**Saved entries**
----
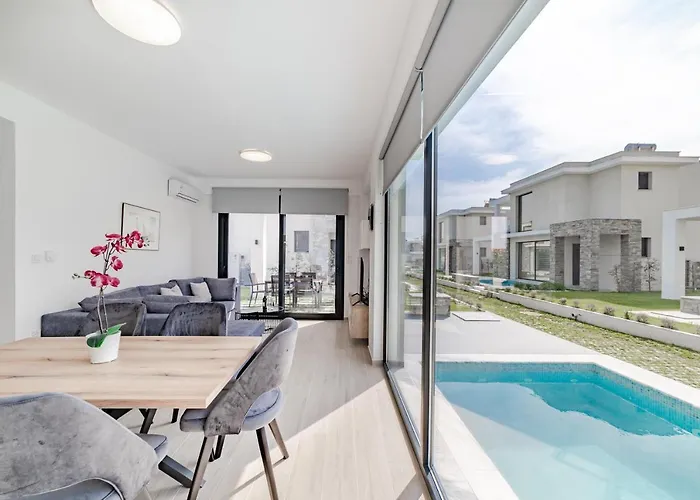 公寓 Thalassa & Thalassa Prive Residential Complex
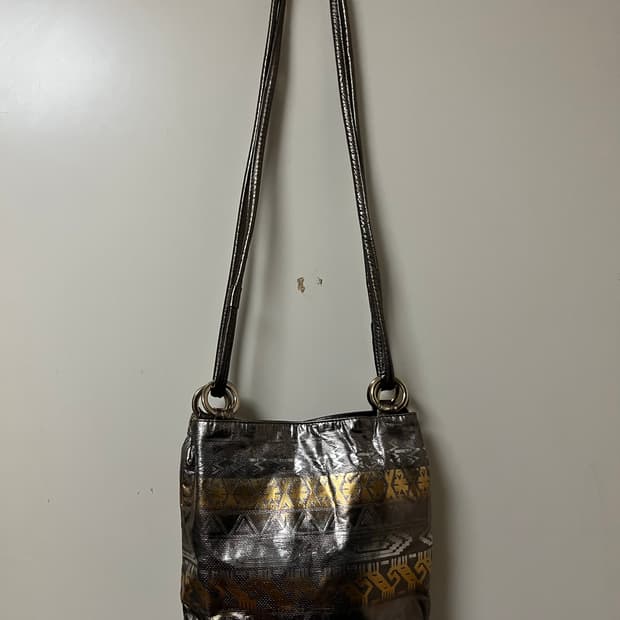 Made in USA 나바호 레더백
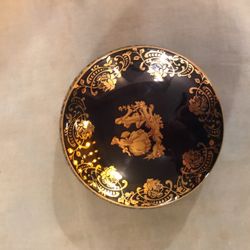 French Limoges Porcelain Hand Painted Gold Trim Trinket Jewelry Or Candy Dish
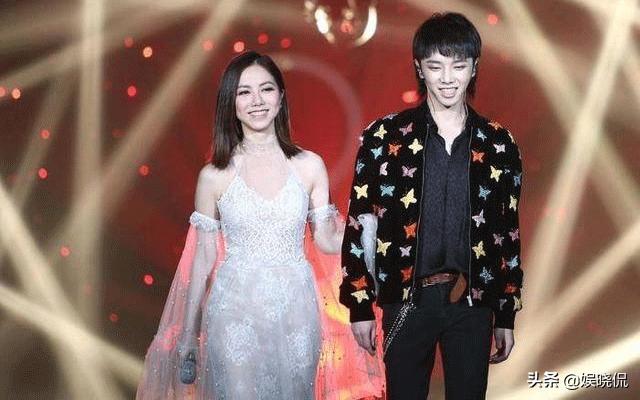 华晨宇张碧晨照片还原,张碧晨真的和华晨宇结婚了吗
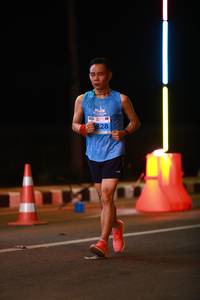 BIB: 828
                            <button type="button" onclick="openModal(15190238)" class="btn btn-primary btn-sm float-right btn-popup" data-toggle="modal" data-target=".modal-high-quality">
                        <i class="fas fa-shopping-cart"></i> Add to Cart
                    </button>
                                            <button type="button" onclick="isThisMe(15190238, true)" class="btn btn-success btn-sm float-right btn-popup btn-isme hidden" data-toggle="tooltip" data-placement="bottom" title="นี่คือรูปของคุณใช่ไหม คลิกที่นี่เพื่อเอาเข้าอัลบั้ม">
                        <i class="fas fa-plus"></i> Add to album
                    </button>
                    <button type="button" onclick="isThisMe(15190238, false)" class="btn btn-warning btn-sm float-right btn-popup btn-isnotme hidden">
                        <i class="fas fa-ban"></i> Remove from album
                    </button>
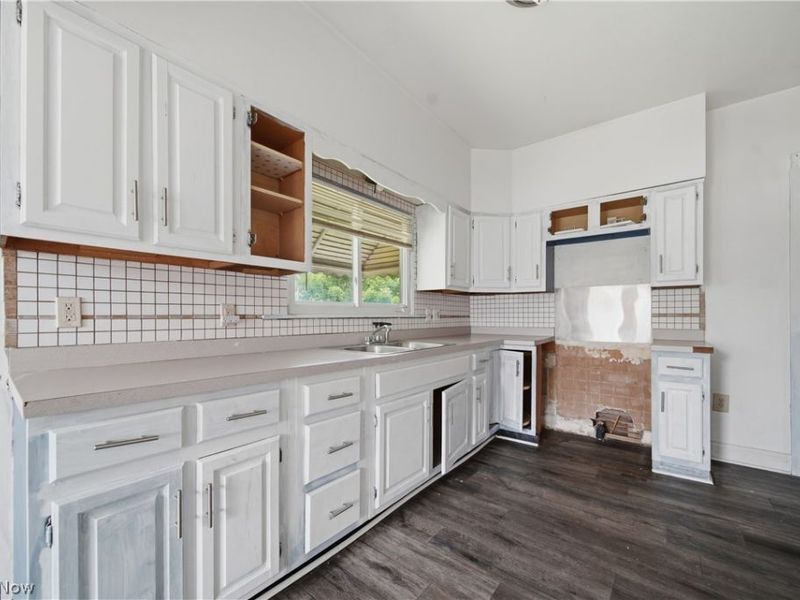 1304 W Waterloo Road, Akron, OH 44314 Photo 5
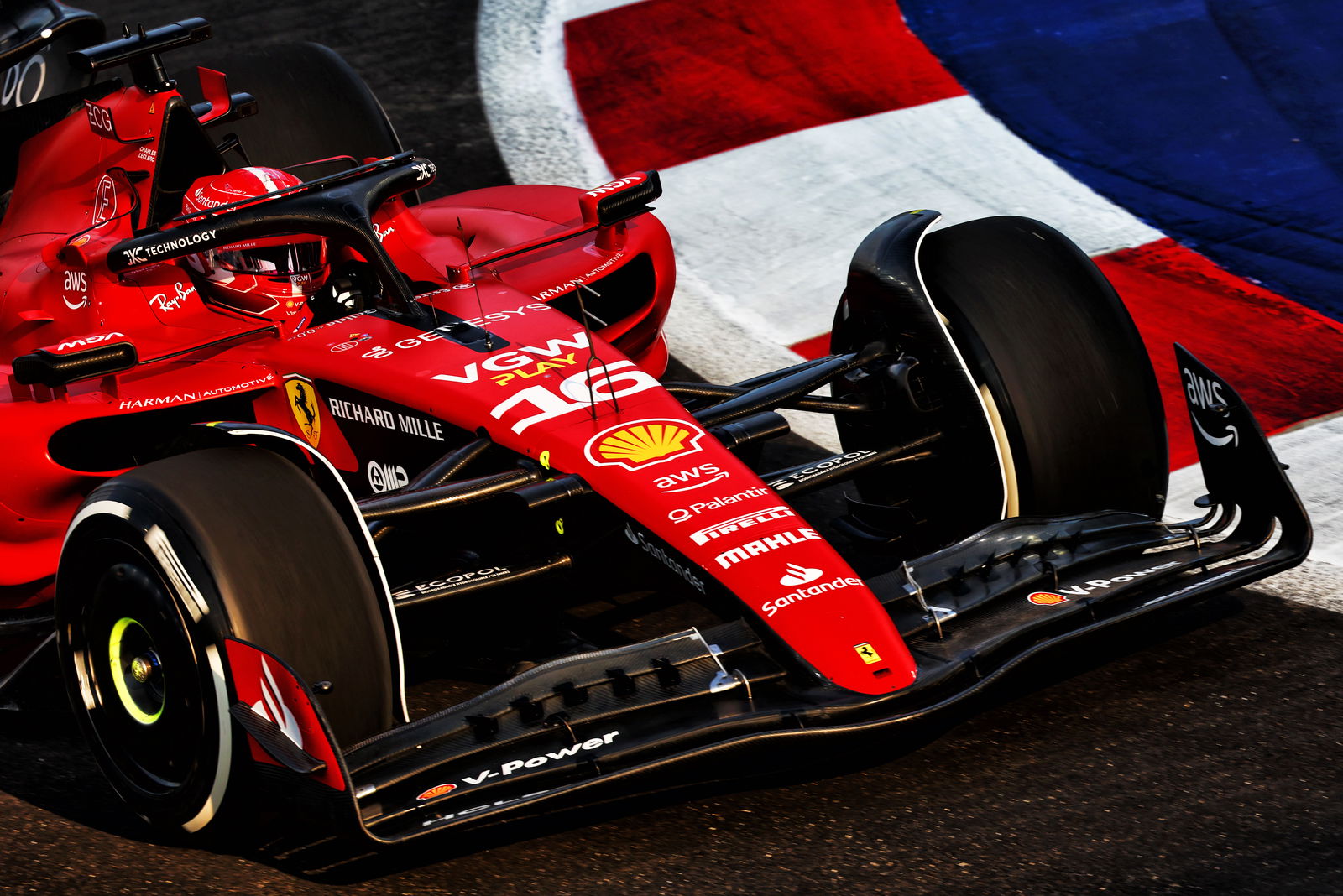 Hamilton Pede dengan Platform Mercedes setelah Jumat Terbaiknya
----
Within the entries, find each line holding the string "float". Reply with how many there are, as a number alone.

**Written solution**
3